Anaesthesia and Intensive Care Medicine, University Hospital South Manchester, Manchester, UK(9).

出版信息

Br J Anaesth. 2018 Feb;120(2):323-352. doi: 10.1016/j.bja.2017.10.021. Epub 2017 Nov 26.

Abstract

These guidelines describe a comprehensive strategy to optimize oxygenation, airway management, and tracheal intubation in critically ill patients, in all hospital locations. They are a direct response to the 4 National Audit Project of the Royal College of Anaesthetists and Difficult Airway Society, which highlighted deficient management of these extremely vulnerable patients leading to major complications and avoidable deaths.

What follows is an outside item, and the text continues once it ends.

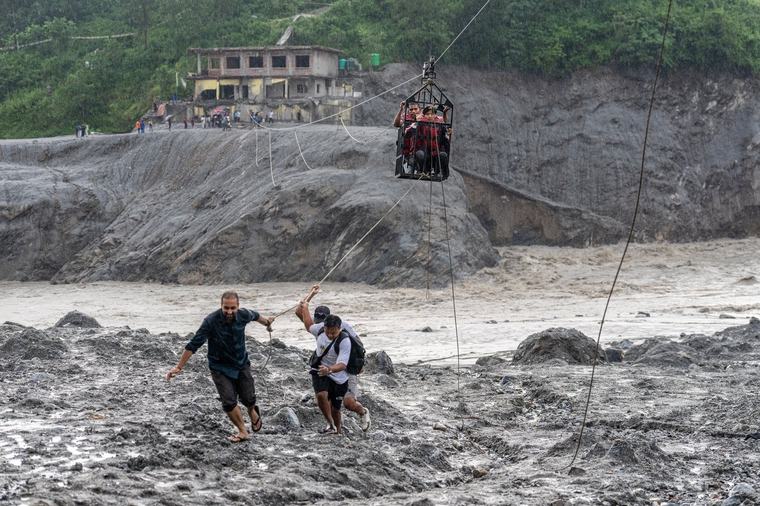 Trading food for medicine and crossing the river by zip line are part of life in Nepal flood zone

They are founded on robust evidence where available, supplemented by expert consensus opinion where it is not. These guidelines recognize that improved outcomes of emergency airway management require closer attention to human factors, rather than simply introduction of new devices or improved technical proficiency. They stress the role of the airway team, a shared mental model, planning, and communication throughout airway management. The primacy of oxygenation including pre- and peroxygenation is emphasized. A modified rapid sequence approach is recommended. Optimal management is presented in an algorithm that combines Plans B and C, incorporating elements of the Vortex approach. To avoid delays and task fixation, the importance of limiting procedural attempts, promptly recognizing failure, and transitioning to the next algorithm step are emphasized. The guidelines recommend early use of a videolaryngoscope, with a screen visible to all, and second generation supraglottic airways for airway rescue. Recommendations for emergency front of neck airway are for a scalpel-bougie-tube technique while acknowledging the value of other techniques performed by trained experts. As most critical care airway catastrophes occur after intubation, from dislodged or blocked tubes, essential methods to avoid these complications are also emphasized.

摘要

这些指南描述了一种全面的策略,旨在优化所有医院环境中危重症患者的氧合、气道管理和气管插管。它们是对皇家麻醉师学院和困难气道学会的 4 项国家审计项目的直接回应,该项目强调了对这些极其脆弱患者的管理不善,导致了严重并发症和可避免的死亡。它们基于现有的可靠证据,在没有证据的情况下补充专家共识意见。这些指南认识到,要改善紧急气道管理的结果,需要更密切地关注人为因素,而不仅仅是引入新设备或提高技术水平。它们强调了气道团队的作用、共享的心理模型、整个气道管理过程中的计划和沟通。强调了氧合的重要性,包括预给氧和给氧。推荐使用改良的快速序列诱导方法。最佳管理方案以结合了 B 计划和 C 计划的算法呈现,其中包含了漩涡方法的元素。为了避免延迟和任务僵化,强调了限制程序尝试、及时识别失败并过渡到下一个算法步骤的重要性。指南建议早期使用可视喉镜,并确保屏幕可供所有人查看,同时推荐使用第二代声门上气道装置进行气道抢救。对于紧急颈前气道,建议采用手术刀-气管导管技术,同时承认其他经过培训的专家实施的技术的价值。由于大多数重症监护室的气道灾难都发生在插管后,由于导管移位或堵塞,因此还强调了避免这些并发症的基本方法。